++++ WORKING DATA ++++

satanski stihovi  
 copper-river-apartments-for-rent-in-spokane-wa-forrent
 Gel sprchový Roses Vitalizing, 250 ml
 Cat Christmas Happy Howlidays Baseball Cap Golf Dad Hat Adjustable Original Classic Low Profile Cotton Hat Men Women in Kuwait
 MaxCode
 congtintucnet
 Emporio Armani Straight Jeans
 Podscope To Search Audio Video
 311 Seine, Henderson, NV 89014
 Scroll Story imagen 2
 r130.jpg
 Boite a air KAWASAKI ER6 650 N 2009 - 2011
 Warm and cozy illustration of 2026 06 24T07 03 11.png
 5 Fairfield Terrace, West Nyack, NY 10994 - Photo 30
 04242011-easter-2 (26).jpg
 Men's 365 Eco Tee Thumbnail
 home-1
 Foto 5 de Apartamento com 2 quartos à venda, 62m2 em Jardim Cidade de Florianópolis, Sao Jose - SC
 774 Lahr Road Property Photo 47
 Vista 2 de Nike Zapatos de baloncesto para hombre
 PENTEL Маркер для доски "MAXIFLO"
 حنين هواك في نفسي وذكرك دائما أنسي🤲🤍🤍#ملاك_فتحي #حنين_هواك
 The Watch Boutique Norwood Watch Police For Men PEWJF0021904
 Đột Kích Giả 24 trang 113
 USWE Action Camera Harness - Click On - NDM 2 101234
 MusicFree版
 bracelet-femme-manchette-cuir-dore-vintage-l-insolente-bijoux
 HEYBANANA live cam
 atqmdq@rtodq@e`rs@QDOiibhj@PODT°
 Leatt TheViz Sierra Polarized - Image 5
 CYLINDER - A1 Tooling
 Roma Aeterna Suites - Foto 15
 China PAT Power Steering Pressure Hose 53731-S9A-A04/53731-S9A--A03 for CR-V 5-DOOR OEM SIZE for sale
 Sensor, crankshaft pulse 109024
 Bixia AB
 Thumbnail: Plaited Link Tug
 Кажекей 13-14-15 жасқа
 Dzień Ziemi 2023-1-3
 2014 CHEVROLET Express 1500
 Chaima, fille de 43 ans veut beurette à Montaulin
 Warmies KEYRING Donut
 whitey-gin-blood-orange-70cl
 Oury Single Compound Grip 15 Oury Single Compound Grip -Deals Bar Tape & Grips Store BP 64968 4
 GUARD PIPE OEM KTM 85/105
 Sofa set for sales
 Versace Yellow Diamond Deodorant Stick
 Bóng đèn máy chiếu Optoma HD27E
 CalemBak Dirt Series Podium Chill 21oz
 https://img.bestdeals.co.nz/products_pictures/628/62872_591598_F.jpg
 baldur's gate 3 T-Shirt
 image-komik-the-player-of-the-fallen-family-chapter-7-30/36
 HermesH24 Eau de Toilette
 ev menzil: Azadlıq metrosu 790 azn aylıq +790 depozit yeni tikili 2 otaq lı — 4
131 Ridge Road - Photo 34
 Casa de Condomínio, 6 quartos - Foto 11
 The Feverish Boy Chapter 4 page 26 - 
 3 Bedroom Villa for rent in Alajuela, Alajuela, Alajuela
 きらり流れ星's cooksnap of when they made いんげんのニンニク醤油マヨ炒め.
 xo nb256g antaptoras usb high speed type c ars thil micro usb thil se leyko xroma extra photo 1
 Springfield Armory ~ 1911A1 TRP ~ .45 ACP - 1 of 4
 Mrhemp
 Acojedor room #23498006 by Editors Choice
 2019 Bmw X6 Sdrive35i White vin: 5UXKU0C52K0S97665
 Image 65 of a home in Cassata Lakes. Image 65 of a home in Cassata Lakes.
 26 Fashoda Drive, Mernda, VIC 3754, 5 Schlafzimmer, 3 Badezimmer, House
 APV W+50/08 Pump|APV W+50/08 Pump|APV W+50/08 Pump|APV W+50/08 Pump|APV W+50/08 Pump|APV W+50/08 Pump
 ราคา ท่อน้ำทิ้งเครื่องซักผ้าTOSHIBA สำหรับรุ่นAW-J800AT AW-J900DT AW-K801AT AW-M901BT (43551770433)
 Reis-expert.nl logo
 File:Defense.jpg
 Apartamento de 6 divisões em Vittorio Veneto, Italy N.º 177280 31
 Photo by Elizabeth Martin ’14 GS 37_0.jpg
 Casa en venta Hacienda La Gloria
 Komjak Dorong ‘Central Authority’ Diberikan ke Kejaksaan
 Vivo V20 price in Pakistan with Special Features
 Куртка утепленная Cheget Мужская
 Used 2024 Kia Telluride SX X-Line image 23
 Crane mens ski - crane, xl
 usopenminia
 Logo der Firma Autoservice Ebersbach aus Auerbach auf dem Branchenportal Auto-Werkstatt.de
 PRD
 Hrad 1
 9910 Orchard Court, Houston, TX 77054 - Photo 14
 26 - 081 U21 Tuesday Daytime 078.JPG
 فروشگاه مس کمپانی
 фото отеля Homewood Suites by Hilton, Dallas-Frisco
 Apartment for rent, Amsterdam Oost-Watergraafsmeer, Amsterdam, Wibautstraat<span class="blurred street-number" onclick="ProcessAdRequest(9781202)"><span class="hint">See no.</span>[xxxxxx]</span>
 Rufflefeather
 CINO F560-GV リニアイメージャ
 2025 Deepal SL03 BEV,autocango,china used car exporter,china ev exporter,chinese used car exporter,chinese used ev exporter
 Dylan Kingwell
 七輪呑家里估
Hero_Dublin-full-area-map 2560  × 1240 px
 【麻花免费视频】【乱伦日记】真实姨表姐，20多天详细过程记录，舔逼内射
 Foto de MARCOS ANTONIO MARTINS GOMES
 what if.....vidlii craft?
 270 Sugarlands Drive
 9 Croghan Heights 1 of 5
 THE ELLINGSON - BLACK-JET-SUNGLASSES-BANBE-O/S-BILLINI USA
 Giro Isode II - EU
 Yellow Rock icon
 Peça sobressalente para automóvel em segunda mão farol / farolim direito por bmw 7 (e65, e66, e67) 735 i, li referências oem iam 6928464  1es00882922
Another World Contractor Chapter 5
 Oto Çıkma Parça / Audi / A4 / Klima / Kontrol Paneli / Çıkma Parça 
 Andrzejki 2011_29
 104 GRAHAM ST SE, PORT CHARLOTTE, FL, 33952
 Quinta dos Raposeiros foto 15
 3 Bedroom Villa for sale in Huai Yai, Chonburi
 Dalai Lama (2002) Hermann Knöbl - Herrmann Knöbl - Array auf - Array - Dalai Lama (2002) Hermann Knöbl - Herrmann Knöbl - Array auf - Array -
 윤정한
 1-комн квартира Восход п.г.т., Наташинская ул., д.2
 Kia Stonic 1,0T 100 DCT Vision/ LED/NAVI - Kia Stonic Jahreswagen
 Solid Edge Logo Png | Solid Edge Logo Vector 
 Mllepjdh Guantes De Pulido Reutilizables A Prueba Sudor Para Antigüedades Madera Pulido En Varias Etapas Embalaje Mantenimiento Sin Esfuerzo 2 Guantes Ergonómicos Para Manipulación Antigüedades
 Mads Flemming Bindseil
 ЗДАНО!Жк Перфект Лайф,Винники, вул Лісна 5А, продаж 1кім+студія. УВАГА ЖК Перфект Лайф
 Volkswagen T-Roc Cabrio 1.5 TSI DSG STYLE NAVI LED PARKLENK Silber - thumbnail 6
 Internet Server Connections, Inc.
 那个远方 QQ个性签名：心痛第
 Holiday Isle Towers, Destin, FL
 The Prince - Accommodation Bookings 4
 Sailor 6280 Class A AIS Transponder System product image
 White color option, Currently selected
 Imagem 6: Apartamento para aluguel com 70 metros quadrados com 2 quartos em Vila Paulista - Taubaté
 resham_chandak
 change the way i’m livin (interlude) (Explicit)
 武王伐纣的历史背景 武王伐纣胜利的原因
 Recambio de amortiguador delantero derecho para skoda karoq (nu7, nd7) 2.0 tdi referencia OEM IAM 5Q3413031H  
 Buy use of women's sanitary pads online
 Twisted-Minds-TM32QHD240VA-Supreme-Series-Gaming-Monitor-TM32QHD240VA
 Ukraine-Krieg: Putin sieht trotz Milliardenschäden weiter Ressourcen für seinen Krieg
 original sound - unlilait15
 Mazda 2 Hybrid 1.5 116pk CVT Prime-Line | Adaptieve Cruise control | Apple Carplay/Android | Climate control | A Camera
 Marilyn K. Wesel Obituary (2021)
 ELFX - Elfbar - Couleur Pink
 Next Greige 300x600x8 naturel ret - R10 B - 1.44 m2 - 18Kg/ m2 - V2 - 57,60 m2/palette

++++

Please give an exact copy of the entries above, from the line with "usopenminia" down to the line with "фото отеля Homewood", inclusive, and nothing else.

 usopenminia
 Logo der Firma Autoservice Ebersbach aus Auerbach auf dem Branchenportal Auto-Werkstatt.de
 PRD
 Hrad 1
 9910 Orchard Court, Houston, TX 77054 - Photo 14
 26 - 081 U21 Tuesday Daytime 078.JPG
 فروشگاه مس کمپانی
 фото отеля Homewood Suites by Hilton, Dallas-Frisco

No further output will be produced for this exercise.